### DIRECTIONS
The lines below, from the one containing "دیدار مدیرکل آموزش" through the one containing "Davie, FL 33324", should be set down exactly, with no pictures and nothing else.

### RECORDS
* * *

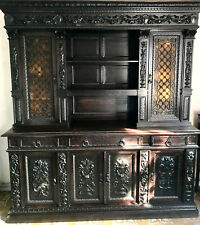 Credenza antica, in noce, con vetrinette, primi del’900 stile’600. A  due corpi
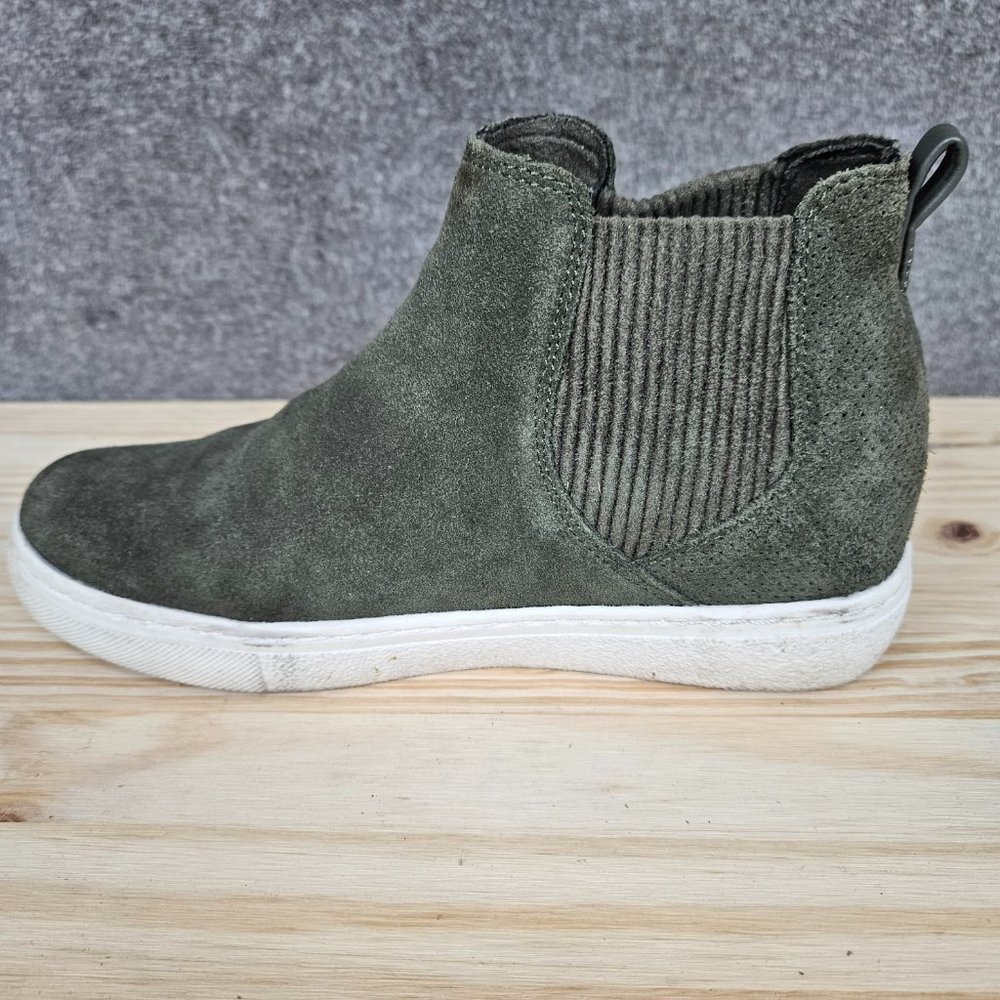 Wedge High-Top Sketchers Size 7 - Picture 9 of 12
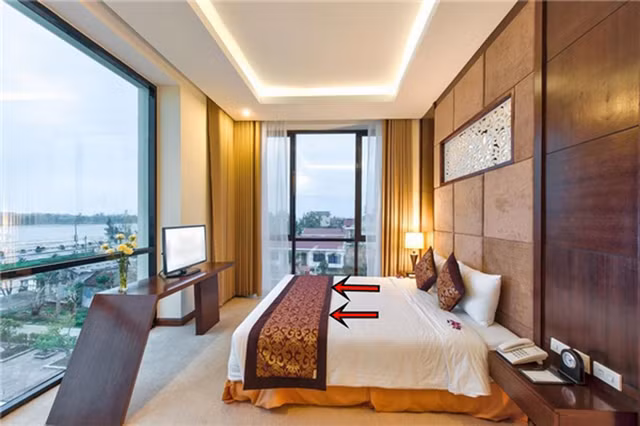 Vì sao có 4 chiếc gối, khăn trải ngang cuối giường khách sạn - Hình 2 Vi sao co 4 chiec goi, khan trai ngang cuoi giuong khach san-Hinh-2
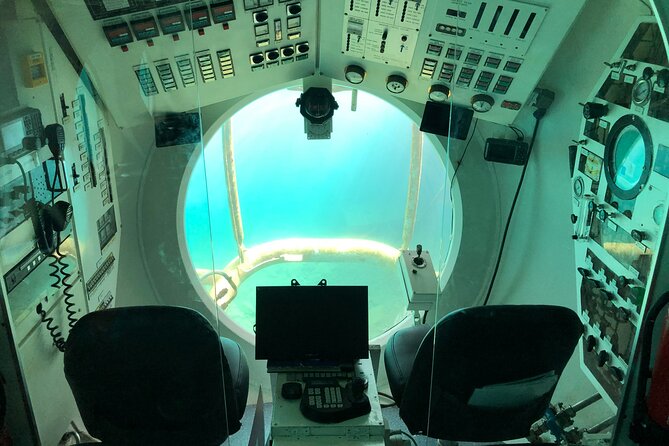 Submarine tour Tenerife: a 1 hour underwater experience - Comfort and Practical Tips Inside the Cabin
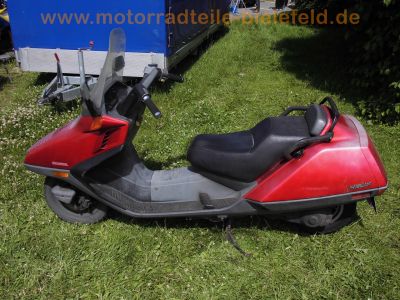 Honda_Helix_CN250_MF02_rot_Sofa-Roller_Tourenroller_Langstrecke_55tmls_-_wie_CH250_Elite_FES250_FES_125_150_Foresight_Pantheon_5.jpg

* * *

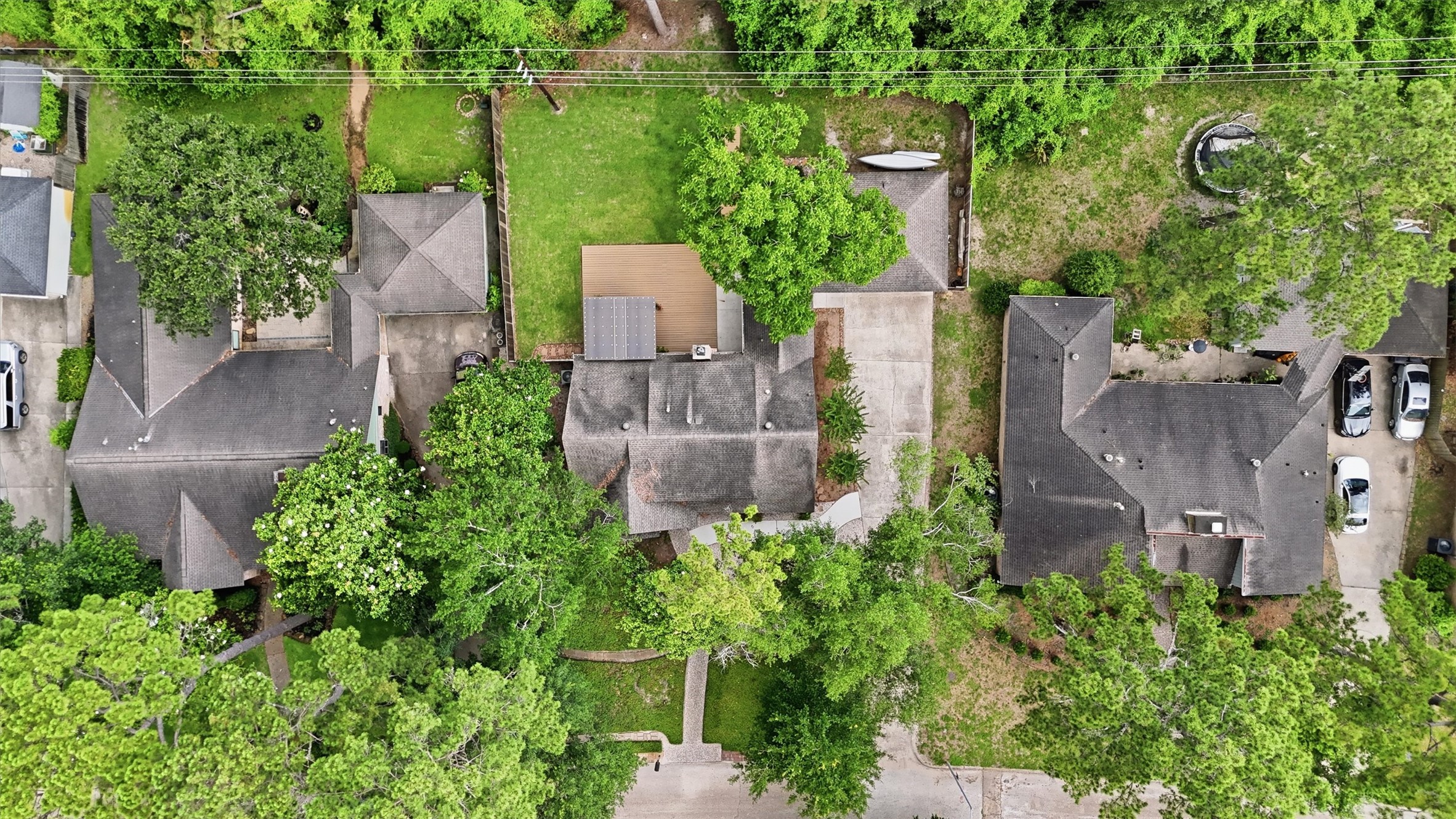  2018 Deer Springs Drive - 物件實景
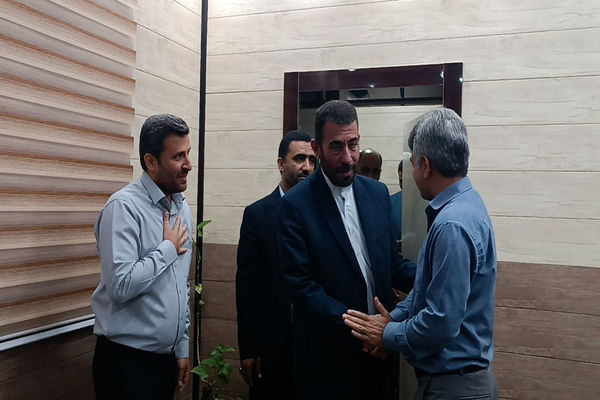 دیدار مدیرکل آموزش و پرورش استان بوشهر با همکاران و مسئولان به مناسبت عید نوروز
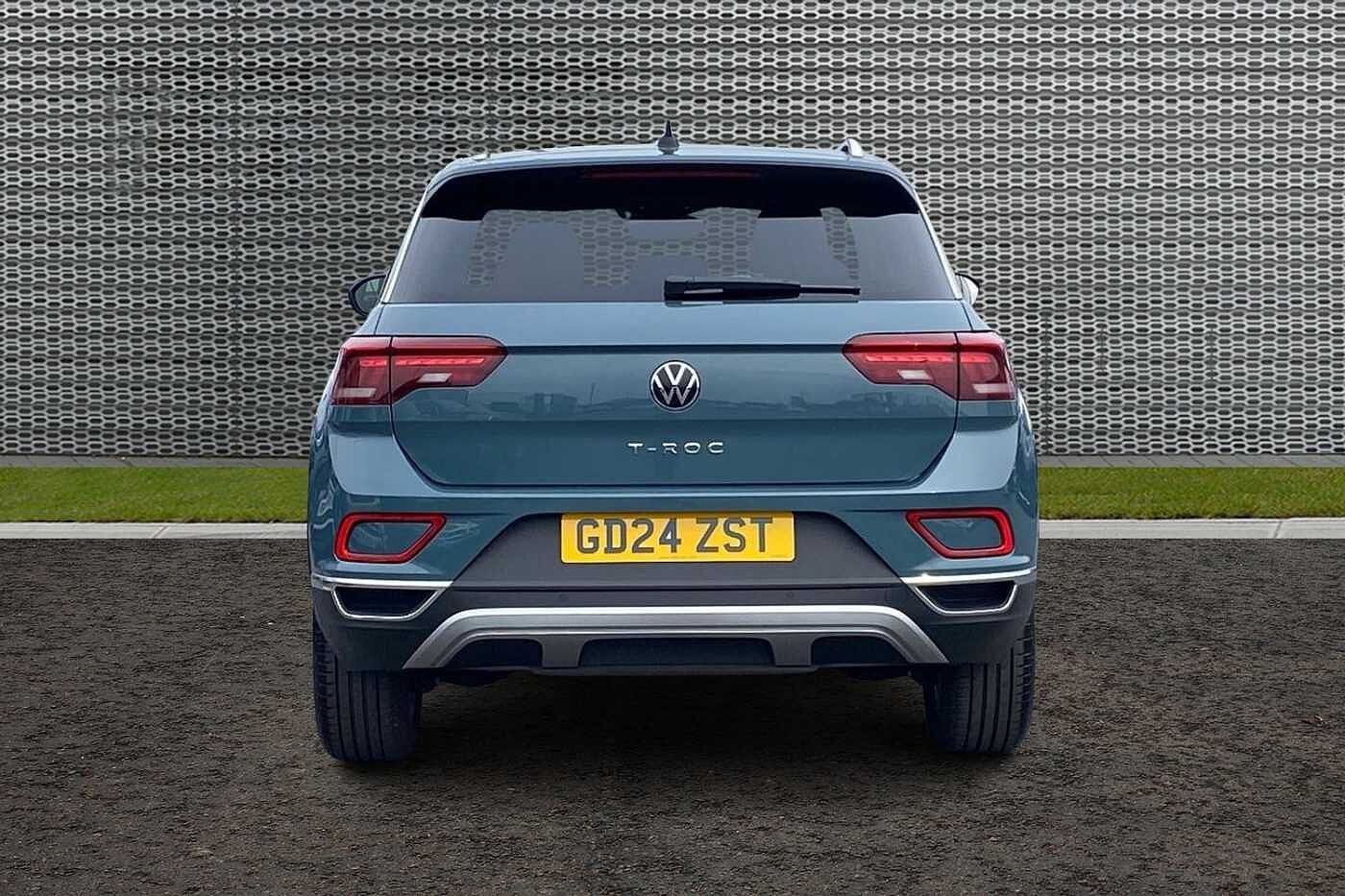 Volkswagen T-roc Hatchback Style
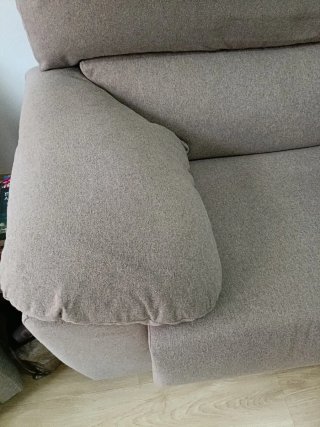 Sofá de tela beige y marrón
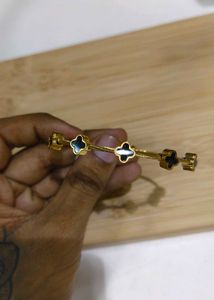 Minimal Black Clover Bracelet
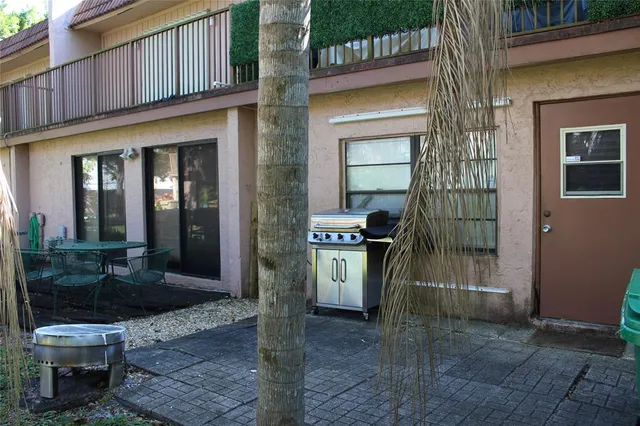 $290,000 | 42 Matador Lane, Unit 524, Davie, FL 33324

* * *

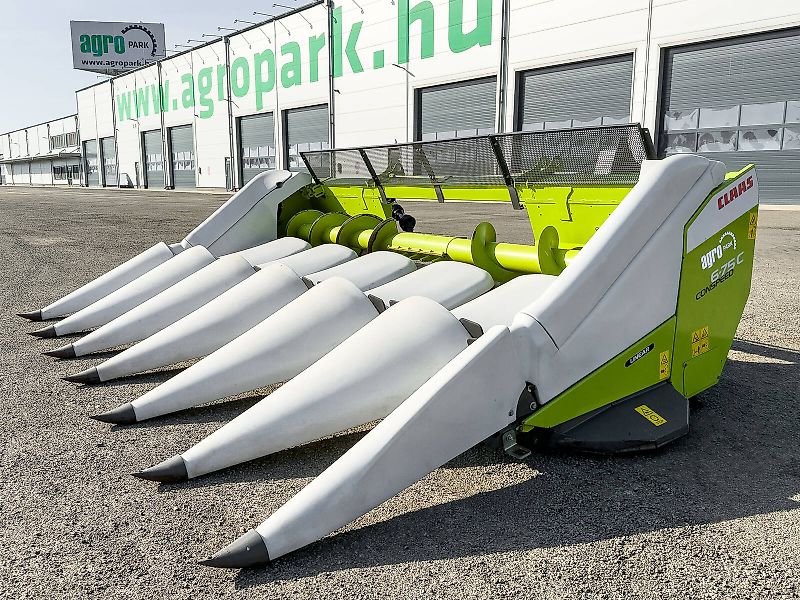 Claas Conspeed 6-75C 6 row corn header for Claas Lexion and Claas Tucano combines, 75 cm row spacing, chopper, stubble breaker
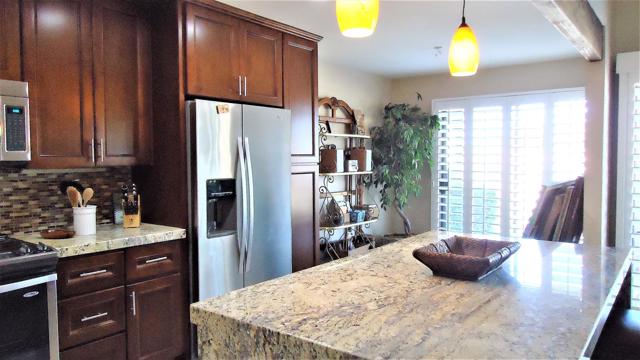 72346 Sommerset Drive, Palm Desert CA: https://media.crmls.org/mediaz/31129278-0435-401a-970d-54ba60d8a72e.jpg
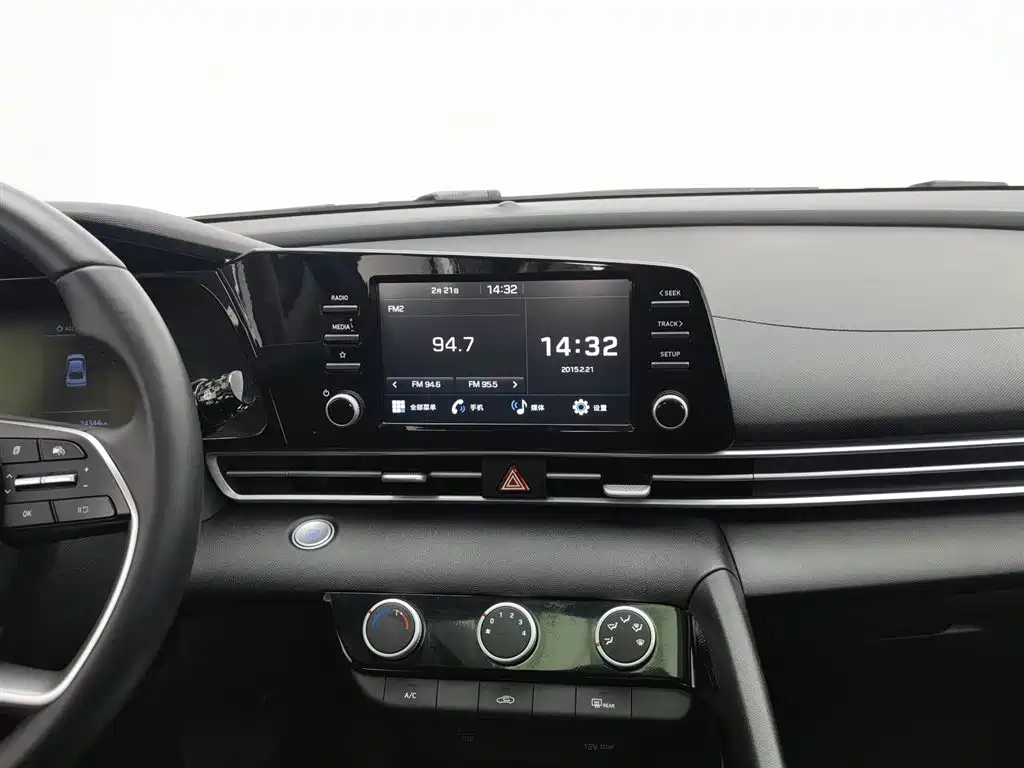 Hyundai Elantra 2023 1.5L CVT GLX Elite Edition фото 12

* * *

### FINISHED TASK
 دیدار مدیرکل آموزش و پرورش استان بوشهر با همکاران و مسئولان به مناسبت عید نوروز
 Volkswagen T-roc Hatchback Style
 Sofá de tela beige y marrón
 Minimal Black Clover Bracelet
 $290,000 | 42 Matador Lane, Unit 524, Davie, FL 33324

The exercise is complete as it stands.